Consumers switched away from mid-tier brands and sought bargains at cheaper outlets.
- By
- December 01, 2015
- CBR - Marketing
Consumers switched away from mid-tier brands and sought bargains at cheaper outlets.
For food retailers, the country’s worst economic downturn since the Great Depression wasn’t so bad.
Research shows that during the Great Recession, US consumers increased their spending on retail food purchases overall, while switching away from mid-tier brands and seeking out bargains at cheaper retailers including warehouse clubs. Chicago Booth’s Pradeep K. Chintagunta and Sanjay K. Dhar, along with William Cha, a data scientist for the shopping app Shopkick who was a Booth PhD candidate when the research was conducted, used consumer-packaged-goods data from 2007 to 2009 in order to understand how consumers changed their buying behavior during the downturn. The research included data from about 60,000 US households.
“Coping strategies took the form of households switching their purchasing to cheaper outlets and brands, while purchasing more products on deal,” the researchers write. “Households had to resort to micro-level coping strategies to reduce expenditures.”
While the $2.1 trillion consumer-packaged-goods industry is generally considered recession proof, the researchers wanted to understand whether consumer spending on packaged food products was even slightly impacted by the deep downturn. They looked at 31 food categories, including cereal, spaghetti sauce, and orange juice, as well as at the prices paid by consumers during the economic downturn.
Despite unemployment across various demographics, it was older, more-educated consumers who made more cuts during the recession than their less-educated, younger counterparts, the researchers find. Even with more disposable income, households in the highest income brackets were also more willing to switch to cheaper brands while shopping at warehouse clubs such as Costco instead of more-traditional grocers. (The finding, according to the researchers, could be used to move from encouraging financial literacy in some demographics to focusing on “household spending literacy” to help rein in unnecessary spending.)

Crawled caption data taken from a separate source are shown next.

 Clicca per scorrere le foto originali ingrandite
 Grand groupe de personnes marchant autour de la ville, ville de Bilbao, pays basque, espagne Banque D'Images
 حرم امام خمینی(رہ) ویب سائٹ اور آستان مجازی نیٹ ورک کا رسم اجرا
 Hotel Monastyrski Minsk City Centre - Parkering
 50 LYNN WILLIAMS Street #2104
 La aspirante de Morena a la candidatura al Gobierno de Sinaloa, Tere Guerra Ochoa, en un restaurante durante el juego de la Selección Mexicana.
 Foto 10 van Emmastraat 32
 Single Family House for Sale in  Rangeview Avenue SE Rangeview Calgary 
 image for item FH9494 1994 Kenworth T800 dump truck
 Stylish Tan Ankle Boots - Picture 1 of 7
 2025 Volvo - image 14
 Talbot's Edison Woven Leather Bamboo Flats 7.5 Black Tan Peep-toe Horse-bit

Although consumers proved willing to switch away from some brands, many stayed loyal even as prices increased by nearly 6 percent for top national brands. “Cheap brands are stealing share from the mid-tier brands, while the expensive brands seem insulated from the effects of the recession,” the authors write. Nonetheless, the researchers find that although generic or private-label brand purchases have been steadily increasing over the years, they didn’t grow in relation to the downturn.
Since retail food spending increased as restaurant sales slumped, the increase was likely a reflection of consumers’ efforts to cook more at home during economically turbulent times, the researchers find. Spending on food for at-home consumption rose to $3,526 per household in 2009 from $3,417 in 2007. In contrast, spending on food consumed away from home declined by 11.5 percent from 2006 to 2009, according to the US Department of Agriculture’s Economic Research Service.
William Cha, Pradeep K. Chintagunta, and Sanjay K. Dhar, “Food Purchases during the Great Recession,” Working paper, July 2015.